Sustainability-Related Obligations
CySEC’s circular highlights several legislative acts that CIFs must adhere to, ensuring they incorporate sustainability risks and factors into their financial services. These obligations are in light of major EU regulations, including the Sustainability-Related Disclosures Regulation (SFDR), the EU Taxonomy, and updates to MiFID II.
Under SFDR, CIFs offering portfolio management and investment advice must reportedly provide transparent sustainability-related disclosures.

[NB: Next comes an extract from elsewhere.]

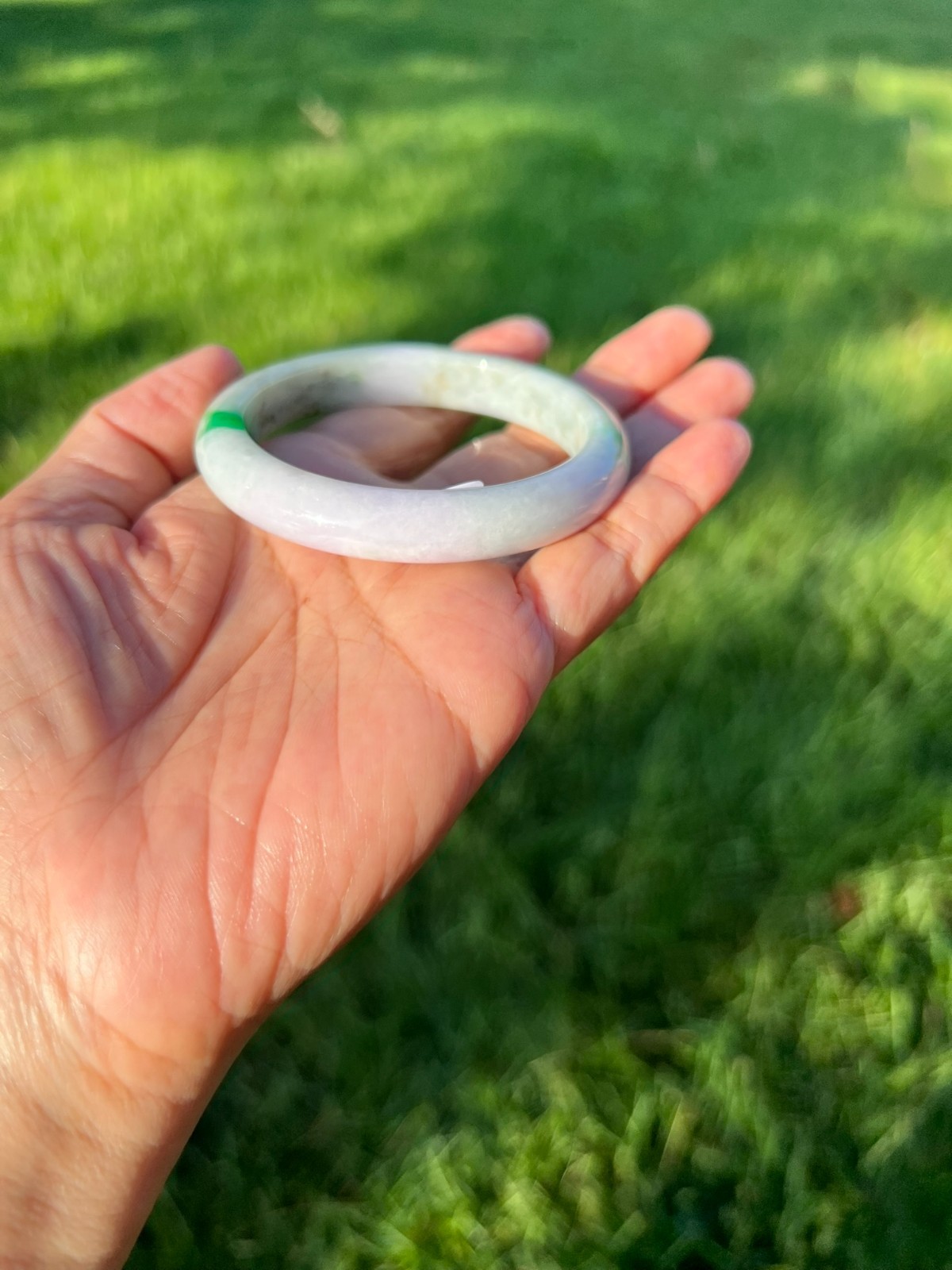 Lavender Green 100% Natural Grade A Jadeite Jade Bangle Bracelet 54mm H173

According to the watchdog, CIFs must publish policies detailing how they integrate sustainability risks into their investment decisions and remuneration policies. Additionally, the firms must inform clients about sustainability risks in pre-contractual documents, websites, and periodic reports.

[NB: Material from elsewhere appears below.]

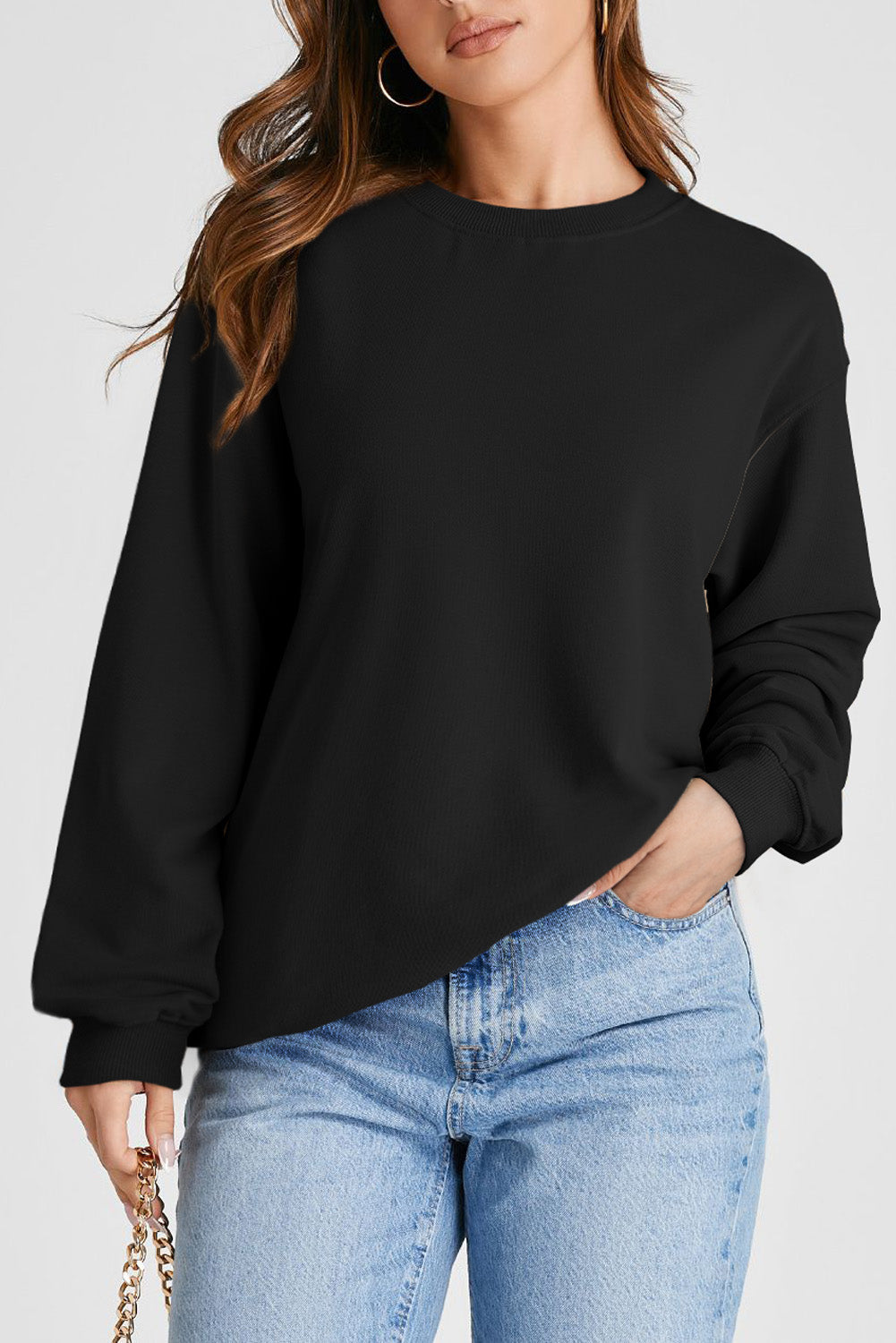 Burgundy Plain Drop Shoulder Crewneck Pullover Sweatshirt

Ε683 – Υποχρεώσεις των ΚΕΠΕΥ σχετικά με τις βιώσιμες επενδύσειςhttps://t.co/34Y4Zm8g5VC683 – Sustainability-related obligations of CIFs
— CySEC – Cyprus Securities and Exchange Commission (@CySEC_official) February 13, 2025
Firms promoting environmental or social characteristics must meet additional disclosure obligations. The EU Taxonomy Regulation complements SFDR by providing a classification system for environmentally sustainable activities. This framework aims to combat greenwashing and help investors make informed choices.
MiFID II and Sustainability Integration
MiFID II has also been updated to incorporate sustainability considerations into investment services. CIFs must also integrate sustainability risks into organizational processes, risk management frameworks, and conflict-of-interest policies.
These changes took effect on August 2, 2022, reinforcing the need for firms to embed sustainability into their advisory and portfolio management services. CIFs that manufacture or distribute financial instruments must incorporate sustainability objectives into their product design and distribution strategies.
The European Securities and Markets Authority provides additional clarification on regulatory expectations, which CIFs should actively engage with.